The nat rule here handles the translation much like the match rule with nat-to in the previous example.

On the other hand, this rule set probably allows more traffic than what you actually want to pass out of your network. In one of the networks where I’ve done a bit of work, the main part of the rule set is based on a macro called client_out:

client_out = "{ ftp-data, ftp, ssh, domain, pop3, auth, nntp, http,
                https, 446, cvspserver, 2628, 5999, 8000, 8080 }"

It has this pass rule:

pass inet proto tcp from $localnet to port $client_out

This may be a somewhat peculiar selection of ports, but it’s exactly what my colleagues there needed at the time. Some of the numbered ports were needed for systems that were set up for specific purposes at other sites. Your needs probably differ at least in some details, but this should cover some of the more useful services.

Here’s another pass rule that is useful to those who want the ability to administer machines from elsewhere:

pass in inet proto tcp to port ssh

Or use this form, if you prefer:

pass in inet proto tcp to $ext_if port ssh

When you leave out the from part entirely, the default used is from any, which is really quite permissive. It lets you log in from anywhere, which is great if you travel a lot and need SSH access from unknown locations around the world. If you’re not all that mobile—say you haven’t quite developed the taste for conferences in far-flung locations or you really want to leave your colleagues to fend for themselves while you’re on vacation—you may want to tighten up with a from part that includes only the places where you and other administrators are likely to log in from for legitimate reasons.

Our very basic rule set is still not complete. Next, we need to make the name service work for our clients. We start with another macro at the start of our rule set.

udp_services = "{ domain, ntp }"

This is supplemented with a rule that passes the traffic we want through our firewall:

pass quick inet proto { tcp, udp } to port $udp_services

Note the quick keyword in this rule. We have started writing rule sets that consist of several rules, and it is time to revisit the relationships and interactions between them.

As noted in the previous chapter, the rules are evaluated from top to bottom, in the sequence they are written in the configuration file. For each packet or connection evaluated by PF, the last matching rule in the rule set is the one that is applied.

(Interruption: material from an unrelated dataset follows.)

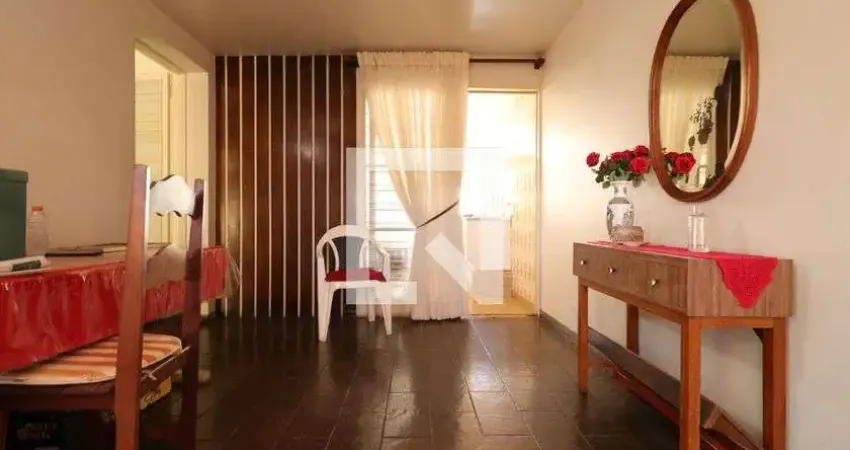 Casa para Aluguel - Jardim Irajá, 4 Quartos,  250 m² - Ribeirão Preto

The quick keyword offers an escape from the ordinary sequence. When a packet matches a quick rule, the packet is treated according to the present rule. The rule processing stops without considering any further rules that might have matched the packet. As your rule sets grow longer and more complicated, you will find this quite handy. For example, it’s useful when you need a few isolated exceptions to your general rules.

This quick rule also takes care of NTP, which is used for time synchronization. Common to both the name service and time synchronization protocols is that they may, under certain circumstances, communicate alternately over TCP and UDP.

You may not have gotten around to writing that formal test suite for your rule sets just yet, but there is every reason to test that your configuration works as expected.

The same basic tests in the stand-alone example from the previous chapter still apply. But now you need to test from the other hosts in your network as well as from your packet-filtering gateway. For each of the services you specified in your pass rules, test that machines in your local network get meaningful results. From any machine in your local network, enter a command like this:

$ host nostarch.com

It should return exactly the same results as when you tested the stand-alone rule set in the previous chapter, and traffic for the services you have specified should pass.^[16]

You may not think it’s necessary, but it does not hurt to check that the rule set works as expected from outside your gateway as well. If you have done exactly what this chapter says so far, it should not be possible to contact machines in your local network from the outside.